Fifth graders head to state competition
Seven victorious fifth-grade students conquered the Guess DImate problem at the Destination Imagination competition held on Saturday, March 13, at Andover High School. The problem involved building and testing a structure made completely of wood and glue. The team had to estimate how much weight the structure would hold. The team also created and presented a story of a situation in which guessing and estimating was the central theme.
Destination Imagination is a creative educational program for students. It offers challenges that stress teamwork, creativity, critical thinking and presentation skills. The state competition will be held this Saturday, March 20, at WPI in Worcester.
Carlisle piano students perform
On March 6, area piano students participated in the Achievement in Music (AIM) Evaluations. The Music Teachers National Association (MTNA) sponsored the event at Regis College. The AIM program measures a student's abilities in performance, technique, aural skills and written theory. All the Carlisle students achieved ratings of "Excellence" and "With Distinction."

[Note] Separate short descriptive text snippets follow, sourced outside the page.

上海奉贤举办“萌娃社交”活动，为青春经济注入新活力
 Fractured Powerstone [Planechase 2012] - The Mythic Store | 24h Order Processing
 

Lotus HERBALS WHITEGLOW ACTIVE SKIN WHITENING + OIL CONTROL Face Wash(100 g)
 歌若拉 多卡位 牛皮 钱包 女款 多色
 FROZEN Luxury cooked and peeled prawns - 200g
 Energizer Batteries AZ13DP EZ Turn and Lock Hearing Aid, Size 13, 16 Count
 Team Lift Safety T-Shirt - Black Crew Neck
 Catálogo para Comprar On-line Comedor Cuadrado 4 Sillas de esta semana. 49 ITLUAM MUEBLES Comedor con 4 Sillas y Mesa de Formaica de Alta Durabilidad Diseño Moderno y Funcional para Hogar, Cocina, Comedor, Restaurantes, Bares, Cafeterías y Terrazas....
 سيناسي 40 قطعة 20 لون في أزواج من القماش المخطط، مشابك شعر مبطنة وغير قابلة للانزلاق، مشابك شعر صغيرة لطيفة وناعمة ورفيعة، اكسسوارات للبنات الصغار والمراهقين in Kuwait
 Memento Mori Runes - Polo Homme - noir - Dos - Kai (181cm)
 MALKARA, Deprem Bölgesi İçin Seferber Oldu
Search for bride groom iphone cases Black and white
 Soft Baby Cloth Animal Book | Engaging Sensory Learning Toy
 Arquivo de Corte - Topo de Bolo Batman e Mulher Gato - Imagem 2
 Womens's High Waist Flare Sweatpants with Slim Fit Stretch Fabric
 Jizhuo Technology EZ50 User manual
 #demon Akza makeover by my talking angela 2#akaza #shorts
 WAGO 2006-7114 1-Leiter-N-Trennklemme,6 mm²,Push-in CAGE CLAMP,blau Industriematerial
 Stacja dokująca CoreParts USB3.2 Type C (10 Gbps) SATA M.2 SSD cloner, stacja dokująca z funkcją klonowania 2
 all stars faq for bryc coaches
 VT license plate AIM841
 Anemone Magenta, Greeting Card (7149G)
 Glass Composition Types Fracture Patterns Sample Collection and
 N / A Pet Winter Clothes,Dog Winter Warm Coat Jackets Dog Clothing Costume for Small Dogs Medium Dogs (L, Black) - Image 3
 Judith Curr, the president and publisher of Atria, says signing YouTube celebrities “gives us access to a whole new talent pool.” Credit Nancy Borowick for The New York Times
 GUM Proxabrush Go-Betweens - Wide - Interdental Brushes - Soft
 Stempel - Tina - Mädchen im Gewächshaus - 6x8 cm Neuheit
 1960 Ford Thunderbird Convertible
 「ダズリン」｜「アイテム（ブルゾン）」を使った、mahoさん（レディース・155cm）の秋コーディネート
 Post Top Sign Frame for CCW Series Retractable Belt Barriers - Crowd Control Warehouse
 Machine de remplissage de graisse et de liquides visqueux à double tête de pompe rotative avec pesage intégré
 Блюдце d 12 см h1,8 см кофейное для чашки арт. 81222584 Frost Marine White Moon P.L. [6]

• The Portsmouth Herald has nominated Joan Bissell as "Best Actress in a Musical" for her stand-out lead performances in Seacoast Repertory Theatre's productions of the musicals Summer of '42 and Chicago. Each year the newspaper nominates deserving artists, then asks the public to cast their Internet votes for their favorites. You can vote for Joan by visiting seacoastonline.com, clicking on "Spotlight" in the left-hand column, and following the links to the voting site.